Is it safe to say HBO Max’s Velma exists in a different continuity than all the past entries in the Scooby-Doo Universe combined? Although there are some references to the canon and an homage to other Hanna Barbera cartoons, it’s tough to say. At least the respect for everything Frank Welker did for this series (he voiced Scooby and Fred) is acknowledged, but I honestly do not think this inclusion is meaningful.
Not even George Jetson reference warrents a laugh. But to be fair, I’m giving my evaluation after watching the first six episodes. One missing factor is in how the main characters do not really respect each other at the start. There seems to be a rivalry between Daphne and Velma, which gets worked out later. Elsewhere, just why Norville matters is put into a strange place, and as for why Fred is a haspin needs a better explanation. They know each other mostly because they’re the same graduating class at Crystal Cove High. Just how they clicked to become a team still hasn’t happened yet.
This entry to this franchise is simply odd. Just because the title uses the same font as the Scooby Doo cartoons implies some relationship, it’s just an odd duck out. As for this group of teenagers to work as a team, it might manifest in the remaining episodes. Shaggy might adopt a dog, but maybe this canine was in his imagination all along. Fandom recognises him as a drug addict and as for that canine; perhaps we’ve been interpreting those past series through his eyes all this time!
The surprise does arrive in episode six, where it tries to connect with what’s familiar from the canon. As for whether fans will like it, I suspect not. Myself, what’s realised is a post-modern look back at the late 60s. It’s crazy, and will ruffle more than a few feathers for those who love Hanna Barbera cartoons for what it truly is, light-hearted animation rather than something ala Family Guy.
This series is made for today’s generation of idealists rather than long-time adult fans. It doesn’t offer anything new. Not even the first two episodes and latest (“The Sins of Some of the Fathers and Some of the Mothers”) deliver chuckle worthy meta moments concerning the differences between itself and other series. The in-jokes are recognisable and even I groaned as it had no relevance to what the narrative is trying to push. This series tries too hard to be like Twin Peaks.
But as for Velma, she’s more of a detective than anyone else. And in her childhood years, her desire for finding answers to mysteries gets a hard knock on the head when her mother goes missing because she found a gift to her that she shouldn’t have. Mom went out to get something new but never came home.

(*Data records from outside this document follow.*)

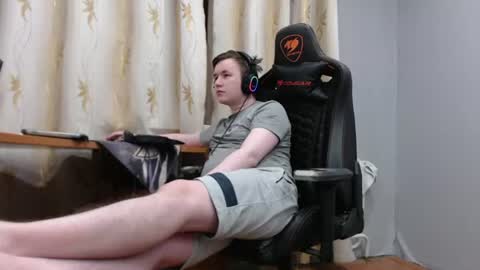 lord online show from June 24, 7:35 pm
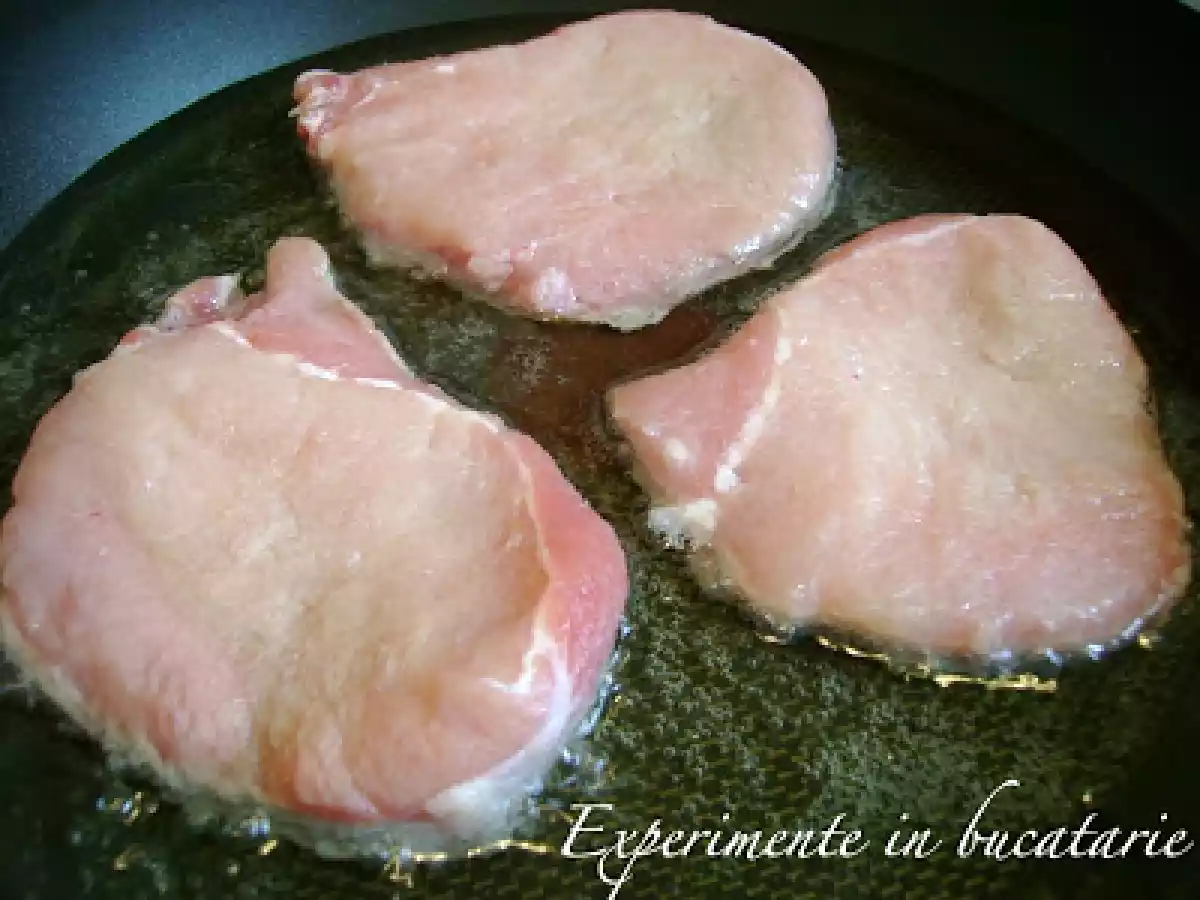 Cotlet de porc cu smantana - poza 2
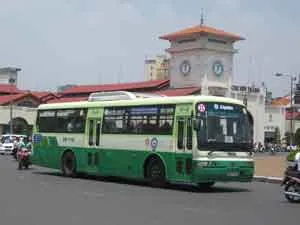 Xe bus TP.HCM: Nâng cao chất lượng dịch vụ để giảm trợ giá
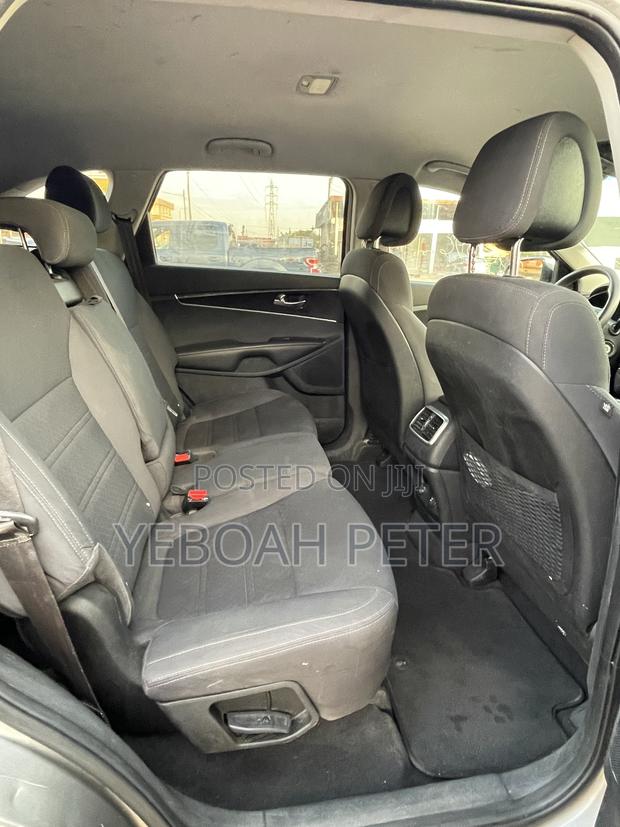 Kia Sorento 4dr SUV 2016 Gray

For some odd reason, I’m thinking the answers will align more with the television show, The Hardy Boys, where they search for why their mama “went missing.” While we know what happened in this series, what’s here is still debatable. Did she walk out on the family or was she kidnapped?
Although we get some great development concerning who this gang’s parents are, akin to Mystery Incorporated (2010-13), that’s not enough to carry the series. Also, the new character designs aren’t all that good. That is, Shaggy isn’t the hipster we all know and love. Based on a recent post at CBR.com concerning discarded concepts, I think I’d like the buff take over this version. So far, the approach is like HBO Max’s Harley Quinn, which I find is a far superior product when compared to this. The narrative blows, detailed nuances to current counter culture may work for the few, but I’m with the majority to say this series is a misfire.
I’ll keep watching just because I am curious about the grander plot concerning the Crystal Cove mines and why it’s important to the citizens of this town. But after that, I’ll go back to watching Scooby-Doo Where Are You and Trick or Treat Scooby-Doo to cleanse my palette.